Short web captions:

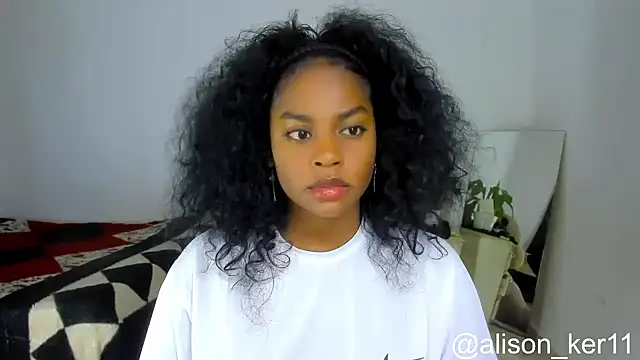 alison-ker3 online show from 10.25.25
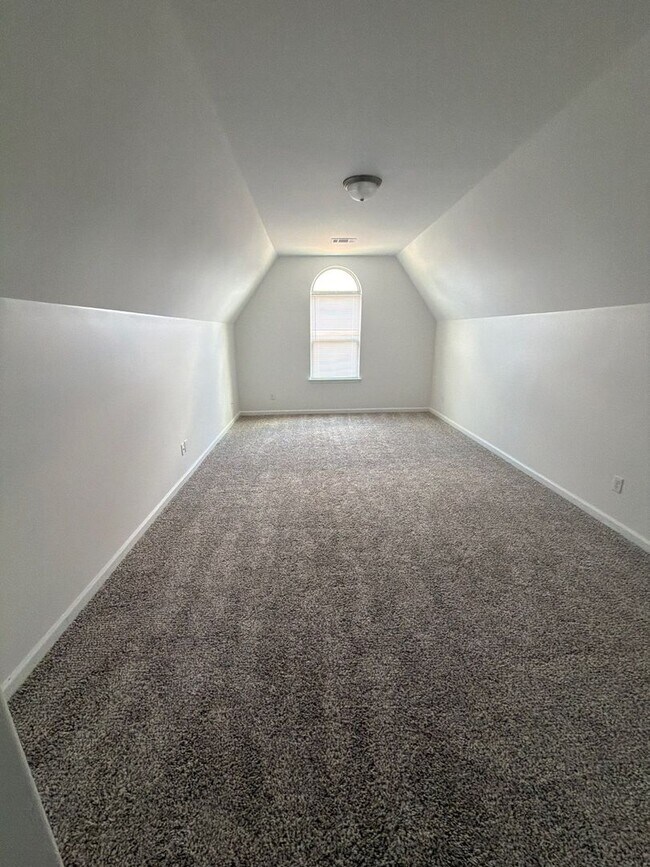 Building Photo - Beautiful 4-bedroom 3 bath home in Arlington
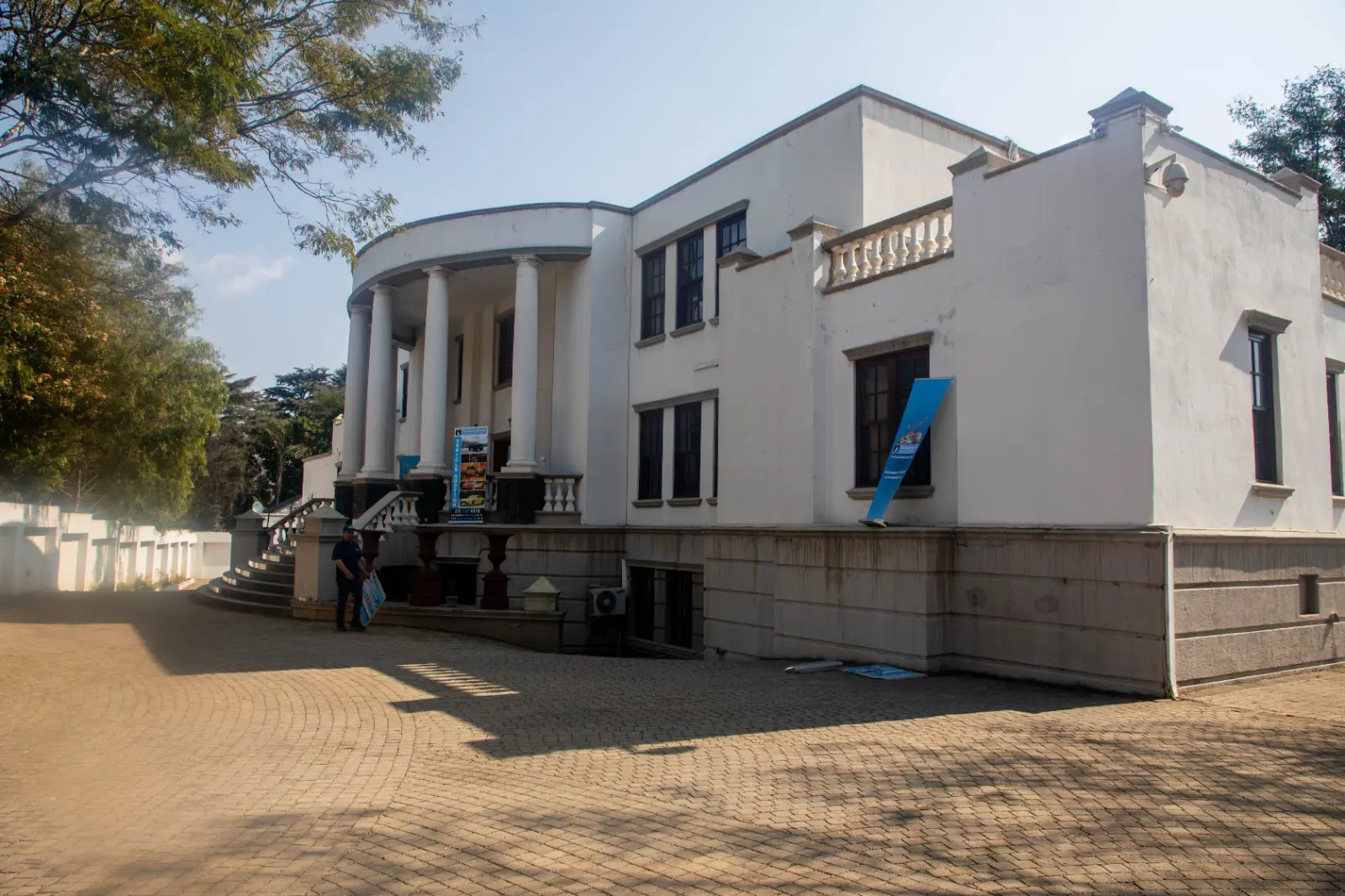 An auction to sell off the Gupta brothers' seized Saxonwold properties was held on 24 July 2025. Picture: Simphiwe Nkosi/EWN An auction to sell off the Gupta brothers' seized Saxonwold properties was held on 24 July 2025. Picture: Simphiwe Nkosi/EWN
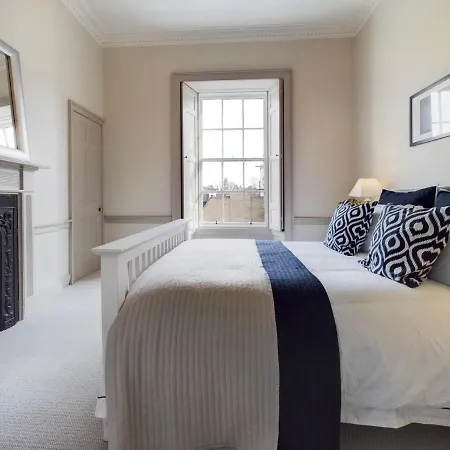Stylish & Modern 2 Bedroom - Stockbridge. Διαμέρισμα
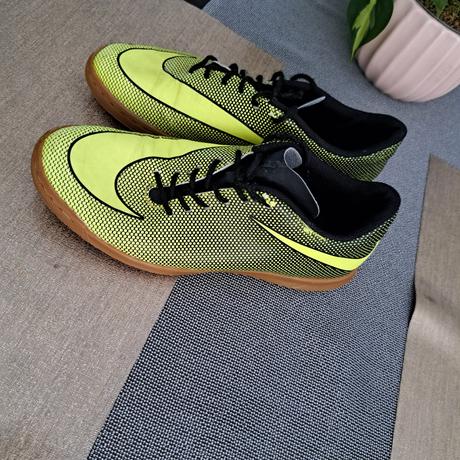 Halová obuv 40,5, nike,40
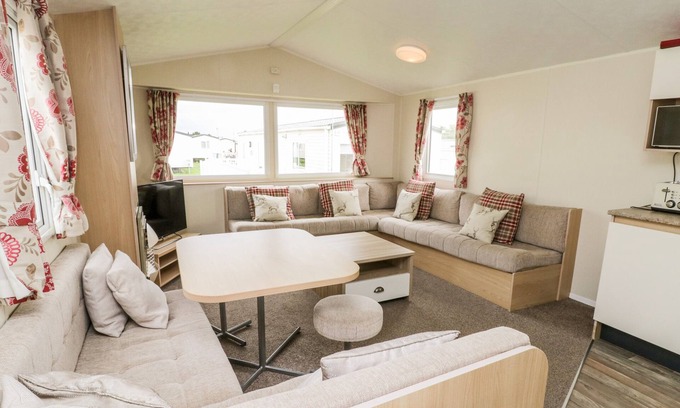Cayton Bay Cottage | Pet-Friendly Kestrel 7 Cottage with Pool and Ocean Views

▸ TASK BRIEF
Leave out the pictures and copy exactly the lines from the one with "Halová obuv 40,5, nike,40" through the last line of the records above.

▸ WRITTEN REPLY
 Halová obuv 40,5, nike,40
Cayton Bay Cottage | Pet-Friendly Kestrel 7 Cottage with Pool and Ocean Views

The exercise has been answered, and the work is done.